• WHAT IS EXPECTED
Would it be possible to output exactly, and only, the lines below from the one holding "Personalized Photo Ornament" to the last line, both included, with every picture left out?

• DATASET EXTRACT
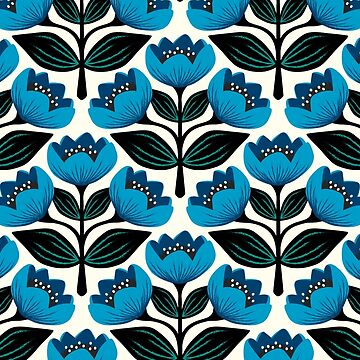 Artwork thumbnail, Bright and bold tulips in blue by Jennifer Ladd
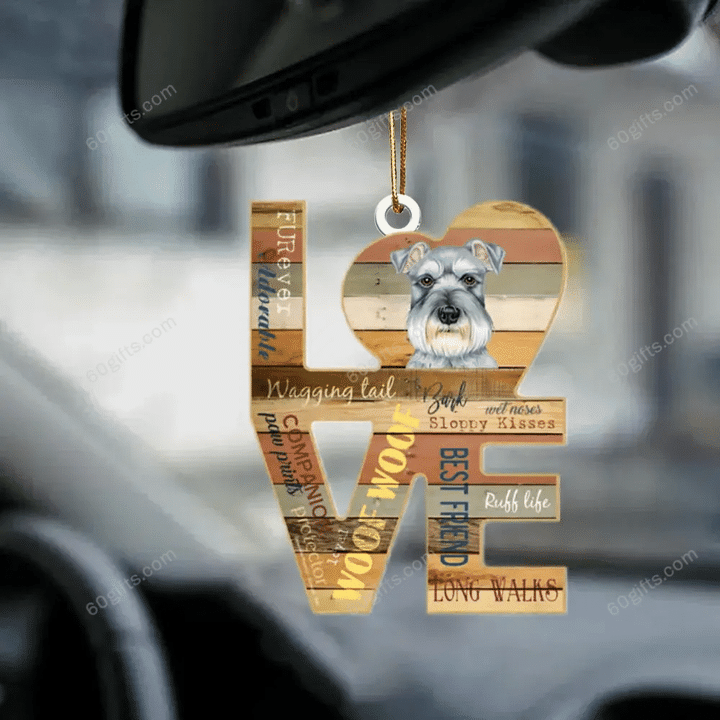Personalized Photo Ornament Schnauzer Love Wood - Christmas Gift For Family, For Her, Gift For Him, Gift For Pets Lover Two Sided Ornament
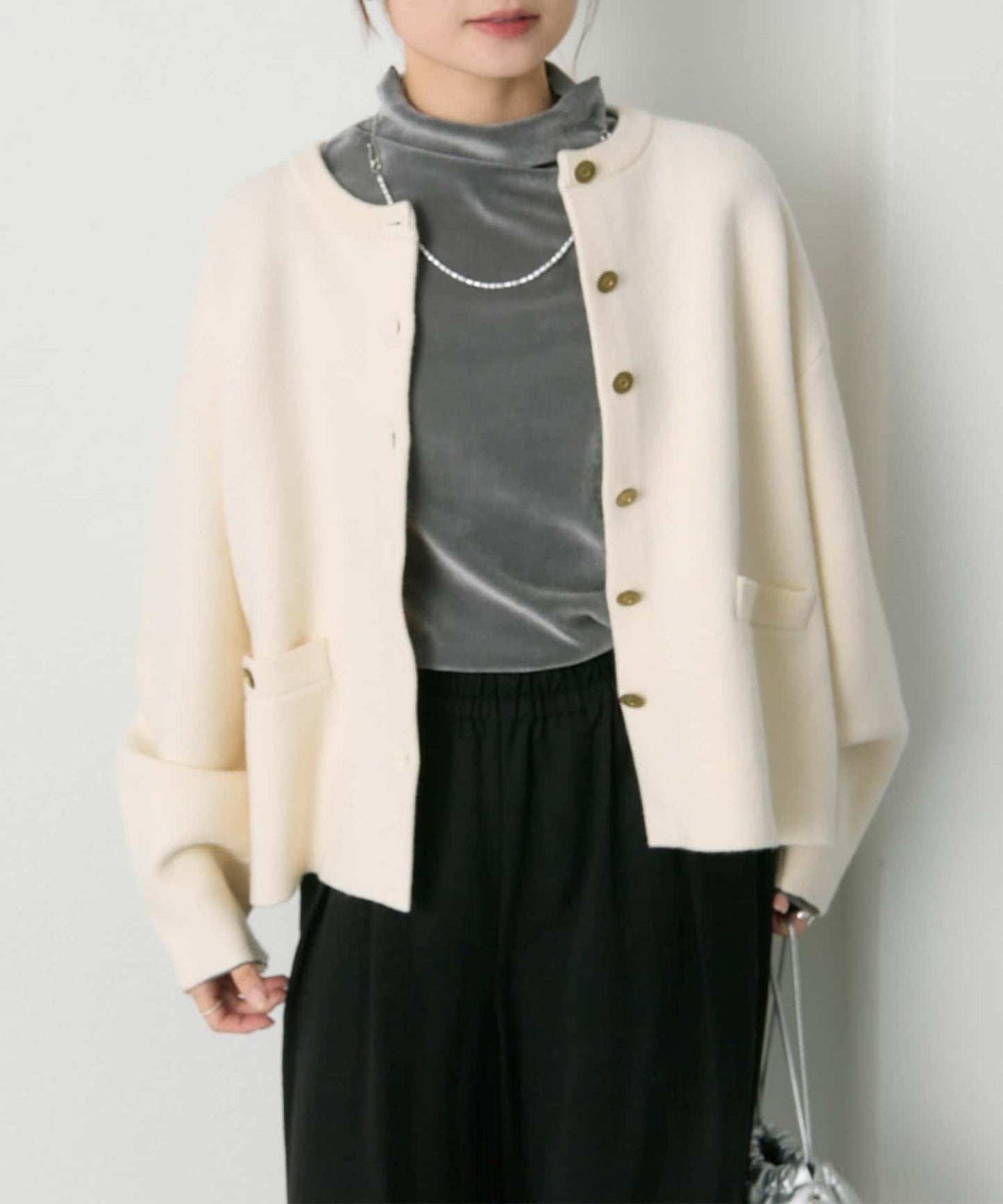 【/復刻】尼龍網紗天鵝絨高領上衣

• SOLUTION TO THIS TASK
Personalized Photo Ornament Schnauzer Love Wood - Christmas Gift For Family, For Her, Gift For Him, Gift For Pets Lover Two Sided Ornament
 【/復刻】尼龍網紗天鵝絨高領上衣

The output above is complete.